An individual’s credit score provides a loan provider with an indication of the ‘probability of default’ of the individual based on their credit history. What this means in simple English is that the score tells a credit institution how likely the loan applicant is to pay back a loan (should the credit institution choose to sanction your loan) based on the individual’s past pattern of credit usage and loan repayment behaviour.
Given that the credit score is a loan evaluation tool developed to help loan providers, the first logical question that comes to mind is “what difference does it make to me?”
Well, the obvious answer is that the higher your credit score (i.e. the closer it is to 900) the more likely you are to get your loan application approved.
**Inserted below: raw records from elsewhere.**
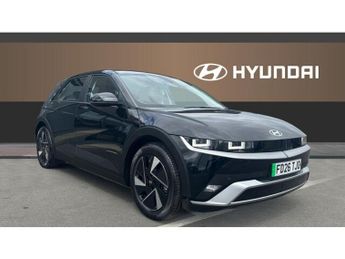 Hyundai IONIQ 125kW Advance 63 kWh 5dr Auto Electric Hatchback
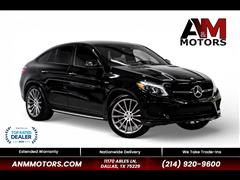 2019 Mercedes-Benz GLE Class 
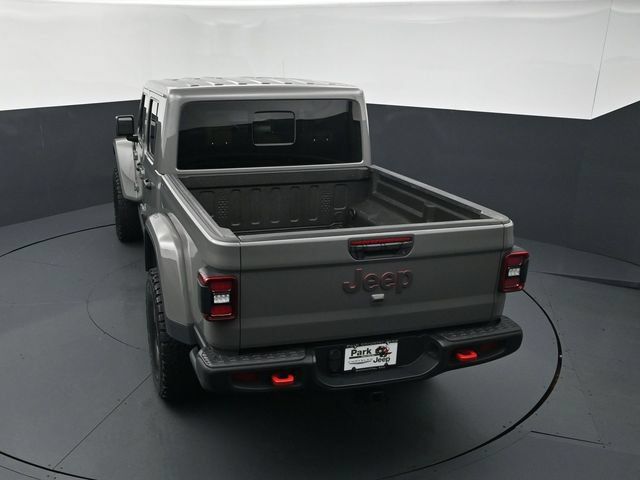 Used 2020 Jeep Gladiator Rubicon AWD/4WD image 17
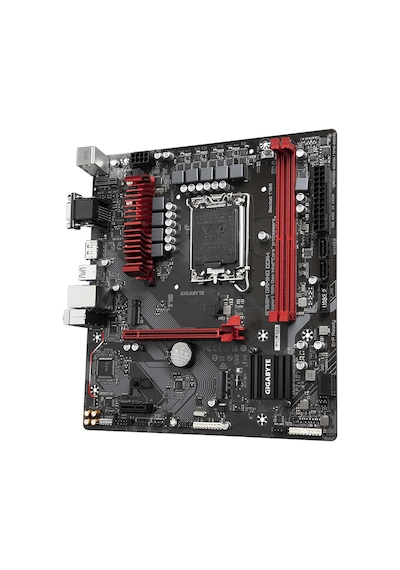 Gigabyte B760M Gaming DDR4 Intel B760 5333 MHz (OC) DDR4 Soket 1700 mATX Anakart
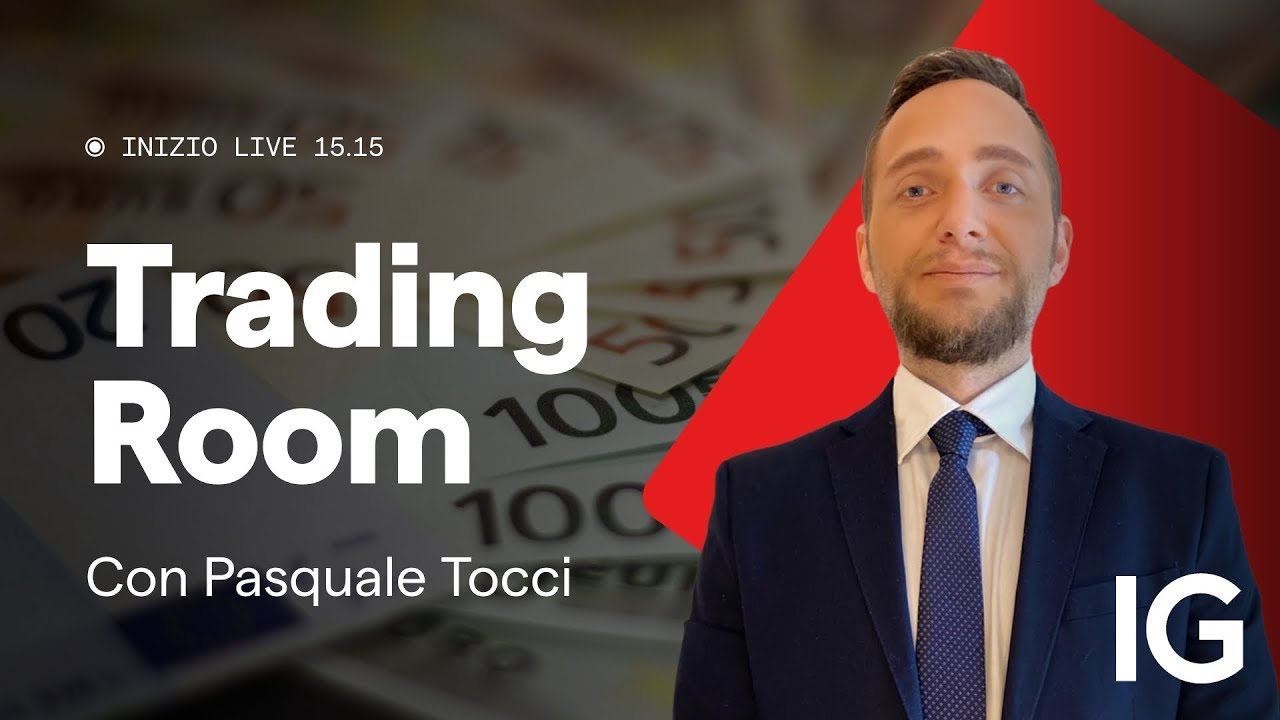 Live Trading con Pasquale Tocci | IG Trading Room del 11.02.2026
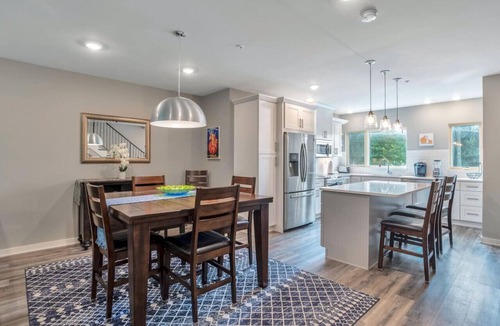 Asheville Villa | Asheville Proud South Slope Townhome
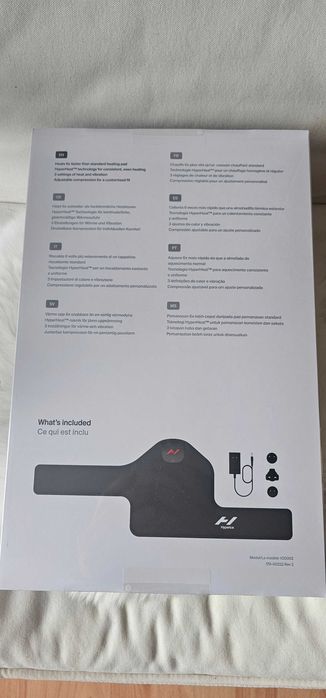 Масажер Hyperice Venom 2 Knee для коліна, Новий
The reason being, closer the score is to 900, the more confidence the loan provider will have in the individual’s ability to repay the loan.
While, this is what is claimed it is always useful to analyse the underlying data, which serves as the foundation based upon which such claims are built.
So what exactly does the data say?
The best way to analyse the impact the credit score has on an individual’s loan application is to observe the lending behaviour demonstrated by credit institutions over time. The table below shows us a comparison of new loans sanctioned by loan providers based on an individual’s credit score in 2008 as compared with those in 2011.
The data tells us that 90% of new loans sanctioned in both 2008 and 2011 were to individuals with a credit score of 700 or more.
However, the data also indicates that over three years, lending institutions showed a change in preference from individuals with a credit score ranging from 750-799 in 2008 to individuals with a credit score of 800 and above in 2011.
Hence, you will have to maintain greater financial discipline in order to secure credit in the future.
It is important to note that loan providers also consider your total income, overall debt burden and fit with their internal credit policy before deciding upon your loan application. Hence, if your EMI to income ratio is over the set cut-off percentage your loan application may get rejected despite having a credit score of 847.
Simply put, the Cibil TransUnion Score is like the marks one earns on school examinations. Higher marks (credit score) do increase the chances of your being accepted to college (getting a loan approval) but don’t guarantee your admission. A more overall evaluation of your extracurricular activities (income level, overall debt burden) is required before you admission is secured.
Similarly, different colleges will have different cut-offs with regards to the marks (credit score) required to gain admission.